LUMINA: Detecting Hallucinations in RAG System with Context–Knowledge Signals (ICLR 2026)

By Samuel Yeh, Sharon Li, and Tanwi Mallick.

Overview

LUMINA is a novel framework that detects hallucinations in RAG systems through context-knowledge signals. The key insight is that hallucinations in RAG often stem from an imbalance between how models use external context and their internal knowledge. LUMINA quantifies these two signals:

External Context Utilization: Measured via distributional distance between predictions conditioned on relevant vs. random documents
Internal Knowledge Utilization: Measured by tracking how predicted tokens evolve across transformer layers

The method is layer-agnostic and requires minimal hyperparameter tuning, making it more generalizable than prior approaches. LUMINA achieves consistently high AUROC and AUPRC scores, outperforming prior utilization-based methods by up to +13% AUROC on HalluRAG .

Usage

from lumina import LUMINA
from transformers import AutoTokenizer, AutoModelForCausalLM

model = AutoModelForCausalLM.from_pretrained('...')
tokenizer = AutoTokenizer.from_pretrained('...')

detector = LUMINA(model, tokenizer)

prompt_w_context = "Instruction: [INSTRUCTION] Context: [CONTEXT]"
prompt_w_random_context = "Instruction: [INSTRUCTION] Context: [RANDOM CONTEXT]"
response = "[RESPONSE]"

# Returns (hallucination_score, mmd, ipr)
hallucination_score, mmd, ipr = detector.predict(
    prompt_w_context, 
    prompt_w_random_context, 
    response
)

# Higher hallucination_score indicates higher likelihood of hallucination
# You can also access individual components:
# - mmd: External context score (higher = better context utilization)
# - ipr: Internal knowledge score (higher = more internal knowledge reliance)

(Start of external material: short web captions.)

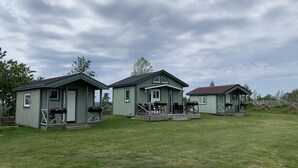 Three green wooden cabins with porches, each with a small deck and flower baskets. - Stuga på Nässjö Golfklubb (Nassjo)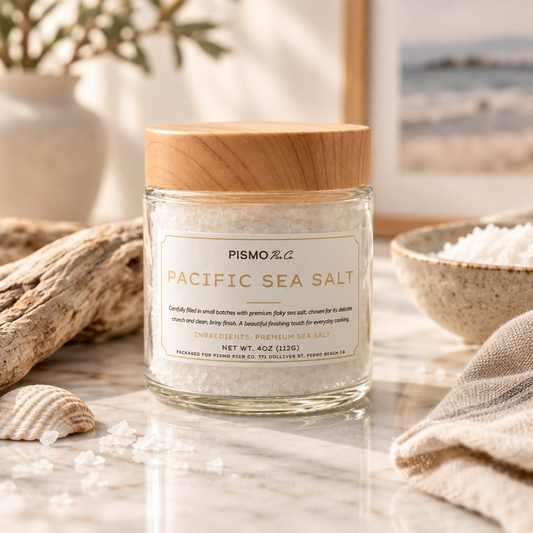 A clear glass jar of Pismo Sea Salt with a light wood-grain lid, set against a neutral gray background.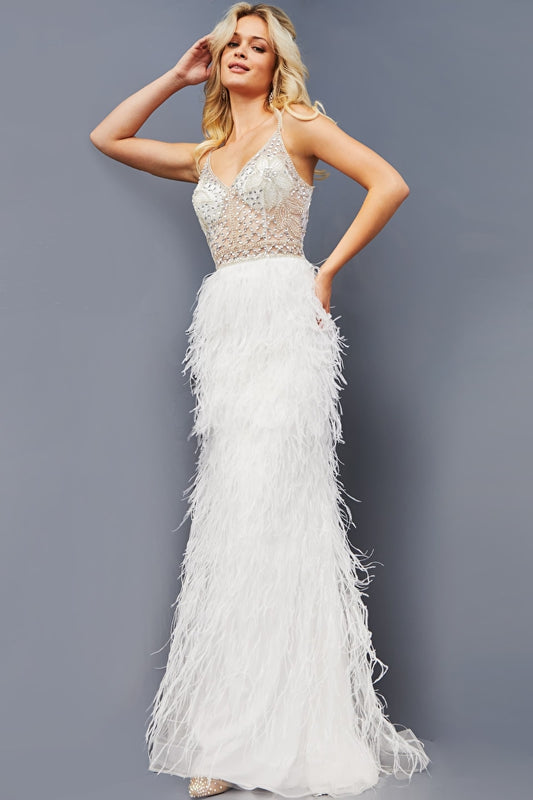 Jovani 08525 Floor-Length Feathered Skirt Fitted Beaded Sheer Bodice, V-Neckline, Straps Over Shoulders, Open Back Prom Dress. Capture the beauty of an evening in the Jovani 08525 dress. This fitted gown flaunts a sheer bodice embellished with beadwork, and a plunging V-neckline flanked by thin straps over the shoulders. An open back and floor-length feathered skirt complete this elegant yet modern design.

The predict function returns three values:

hallucination_score: Combined score where higher values indicate higher hallucination likelihood
mmd: External context utilization score (from MMD computation)
ipr: Internal knowledge utilization score (from IPR computation)

A Quick Walkthrough on LUMINA

External Context Score

The external context score measures how sensitive the LLM is to semantic changes in the input documents. The core idea: if the model effectively uses external context, replacing relevant documents with random ones should significantly change the token probability distribution.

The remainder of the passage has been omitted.